[Start of section]

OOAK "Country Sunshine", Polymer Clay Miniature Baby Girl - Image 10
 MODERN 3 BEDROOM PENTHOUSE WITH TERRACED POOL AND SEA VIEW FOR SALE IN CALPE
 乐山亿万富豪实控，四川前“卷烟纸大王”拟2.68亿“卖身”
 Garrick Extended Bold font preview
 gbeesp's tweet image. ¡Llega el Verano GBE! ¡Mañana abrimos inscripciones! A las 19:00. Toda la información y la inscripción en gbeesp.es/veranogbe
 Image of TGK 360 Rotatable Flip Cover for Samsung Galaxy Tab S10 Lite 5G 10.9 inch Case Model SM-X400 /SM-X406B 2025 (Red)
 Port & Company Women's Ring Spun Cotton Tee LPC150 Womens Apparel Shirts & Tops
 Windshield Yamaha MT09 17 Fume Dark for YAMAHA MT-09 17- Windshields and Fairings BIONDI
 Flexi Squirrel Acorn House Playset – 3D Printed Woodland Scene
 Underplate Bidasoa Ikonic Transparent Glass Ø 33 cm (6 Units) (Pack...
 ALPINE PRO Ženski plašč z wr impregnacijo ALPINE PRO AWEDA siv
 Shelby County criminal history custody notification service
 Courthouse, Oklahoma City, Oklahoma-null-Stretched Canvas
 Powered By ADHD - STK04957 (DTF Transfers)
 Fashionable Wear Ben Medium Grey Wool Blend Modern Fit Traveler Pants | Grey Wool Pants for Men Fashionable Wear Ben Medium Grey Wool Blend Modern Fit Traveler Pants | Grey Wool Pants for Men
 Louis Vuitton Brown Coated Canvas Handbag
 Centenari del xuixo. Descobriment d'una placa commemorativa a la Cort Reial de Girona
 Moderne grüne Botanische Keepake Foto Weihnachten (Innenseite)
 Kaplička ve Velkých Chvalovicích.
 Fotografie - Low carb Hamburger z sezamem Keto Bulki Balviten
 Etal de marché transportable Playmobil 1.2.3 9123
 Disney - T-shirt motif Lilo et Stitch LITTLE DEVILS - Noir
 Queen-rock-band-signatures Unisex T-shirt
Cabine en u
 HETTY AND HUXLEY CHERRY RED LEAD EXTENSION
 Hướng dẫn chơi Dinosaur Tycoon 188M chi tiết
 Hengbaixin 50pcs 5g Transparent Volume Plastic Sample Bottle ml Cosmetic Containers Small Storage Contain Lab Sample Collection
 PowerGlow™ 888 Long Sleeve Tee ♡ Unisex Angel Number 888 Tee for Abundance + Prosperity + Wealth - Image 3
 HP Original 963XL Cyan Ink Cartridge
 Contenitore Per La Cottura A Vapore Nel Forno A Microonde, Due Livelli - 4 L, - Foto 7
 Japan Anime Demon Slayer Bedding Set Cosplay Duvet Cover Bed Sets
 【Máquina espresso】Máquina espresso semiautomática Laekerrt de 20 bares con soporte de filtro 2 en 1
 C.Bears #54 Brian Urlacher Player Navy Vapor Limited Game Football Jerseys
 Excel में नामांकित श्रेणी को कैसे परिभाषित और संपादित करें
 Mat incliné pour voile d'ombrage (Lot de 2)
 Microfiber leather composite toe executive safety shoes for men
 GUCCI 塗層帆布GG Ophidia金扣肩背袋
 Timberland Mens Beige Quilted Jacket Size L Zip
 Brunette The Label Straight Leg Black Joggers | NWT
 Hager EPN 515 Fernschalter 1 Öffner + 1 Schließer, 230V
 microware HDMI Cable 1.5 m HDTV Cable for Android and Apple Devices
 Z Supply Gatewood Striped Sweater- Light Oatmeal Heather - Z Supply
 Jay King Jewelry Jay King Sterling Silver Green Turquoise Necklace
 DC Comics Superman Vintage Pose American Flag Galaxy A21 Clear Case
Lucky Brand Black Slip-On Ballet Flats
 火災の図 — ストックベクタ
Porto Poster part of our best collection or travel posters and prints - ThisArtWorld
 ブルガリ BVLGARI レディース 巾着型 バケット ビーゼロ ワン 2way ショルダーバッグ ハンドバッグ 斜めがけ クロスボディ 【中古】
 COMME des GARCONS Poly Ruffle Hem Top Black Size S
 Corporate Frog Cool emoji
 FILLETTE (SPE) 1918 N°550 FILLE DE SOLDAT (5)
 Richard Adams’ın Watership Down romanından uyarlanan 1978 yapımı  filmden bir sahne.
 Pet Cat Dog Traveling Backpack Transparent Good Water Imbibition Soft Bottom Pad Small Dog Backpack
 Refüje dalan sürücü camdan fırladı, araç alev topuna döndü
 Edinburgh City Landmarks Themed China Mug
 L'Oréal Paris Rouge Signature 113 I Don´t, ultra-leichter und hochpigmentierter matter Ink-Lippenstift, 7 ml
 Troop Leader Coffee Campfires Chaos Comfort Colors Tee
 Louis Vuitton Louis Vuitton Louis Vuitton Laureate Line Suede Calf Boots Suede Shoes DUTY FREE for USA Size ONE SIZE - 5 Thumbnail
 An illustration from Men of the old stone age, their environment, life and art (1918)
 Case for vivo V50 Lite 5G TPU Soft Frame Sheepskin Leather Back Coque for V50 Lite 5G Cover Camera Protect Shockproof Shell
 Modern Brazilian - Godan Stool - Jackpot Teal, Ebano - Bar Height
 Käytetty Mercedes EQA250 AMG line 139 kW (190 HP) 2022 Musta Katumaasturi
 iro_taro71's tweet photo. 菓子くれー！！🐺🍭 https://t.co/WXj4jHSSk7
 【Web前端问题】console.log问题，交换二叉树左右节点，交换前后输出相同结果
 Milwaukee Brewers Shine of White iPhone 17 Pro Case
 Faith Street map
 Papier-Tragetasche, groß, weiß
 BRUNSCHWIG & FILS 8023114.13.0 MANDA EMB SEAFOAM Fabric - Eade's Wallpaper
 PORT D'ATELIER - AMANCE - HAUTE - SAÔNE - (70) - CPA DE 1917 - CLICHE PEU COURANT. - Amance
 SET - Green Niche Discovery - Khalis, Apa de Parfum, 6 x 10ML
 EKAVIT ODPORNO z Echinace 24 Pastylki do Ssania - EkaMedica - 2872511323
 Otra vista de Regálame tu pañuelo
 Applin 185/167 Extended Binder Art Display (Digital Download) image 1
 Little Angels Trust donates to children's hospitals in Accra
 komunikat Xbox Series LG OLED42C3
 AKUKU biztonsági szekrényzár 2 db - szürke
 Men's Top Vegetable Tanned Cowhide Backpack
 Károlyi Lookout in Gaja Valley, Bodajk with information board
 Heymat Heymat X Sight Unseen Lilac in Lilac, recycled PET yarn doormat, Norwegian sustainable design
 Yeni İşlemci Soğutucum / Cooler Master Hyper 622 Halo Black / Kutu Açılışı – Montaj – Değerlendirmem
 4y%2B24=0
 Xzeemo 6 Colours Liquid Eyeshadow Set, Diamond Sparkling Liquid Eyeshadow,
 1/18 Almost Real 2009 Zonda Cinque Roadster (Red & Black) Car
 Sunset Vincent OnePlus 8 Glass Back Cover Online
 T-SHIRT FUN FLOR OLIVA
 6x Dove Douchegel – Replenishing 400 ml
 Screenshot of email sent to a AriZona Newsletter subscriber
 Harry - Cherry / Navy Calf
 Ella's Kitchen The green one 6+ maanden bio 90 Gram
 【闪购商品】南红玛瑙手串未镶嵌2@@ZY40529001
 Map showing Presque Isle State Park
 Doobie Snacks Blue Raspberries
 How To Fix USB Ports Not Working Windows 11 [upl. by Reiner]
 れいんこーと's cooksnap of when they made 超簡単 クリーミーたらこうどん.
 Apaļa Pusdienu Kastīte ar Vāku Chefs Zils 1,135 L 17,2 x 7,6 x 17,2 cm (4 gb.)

[End of section]

#### Exercise requirements:
Every line from the line containing "Jay King Jewelry" through the line containing "ブルガリ BVLGARI レディース" in the records above must be retyped exactly. Leave out the rest.

#### Problem solution:
 Jay King Jewelry Jay King Sterling Silver Green Turquoise Necklace
 DC Comics Superman Vintage Pose American Flag Galaxy A21 Clear Case
Lucky Brand Black Slip-On Ballet Flats
 火災の図 — ストックベクタ
Porto Poster part of our best collection or travel posters and prints - ThisArtWorld
 ブルガリ BVLGARI レディース 巾着型 バケット ビーゼロ ワン 2way ショルダーバッグ ハンドバッグ 斜めがけ クロスボディ 【中古】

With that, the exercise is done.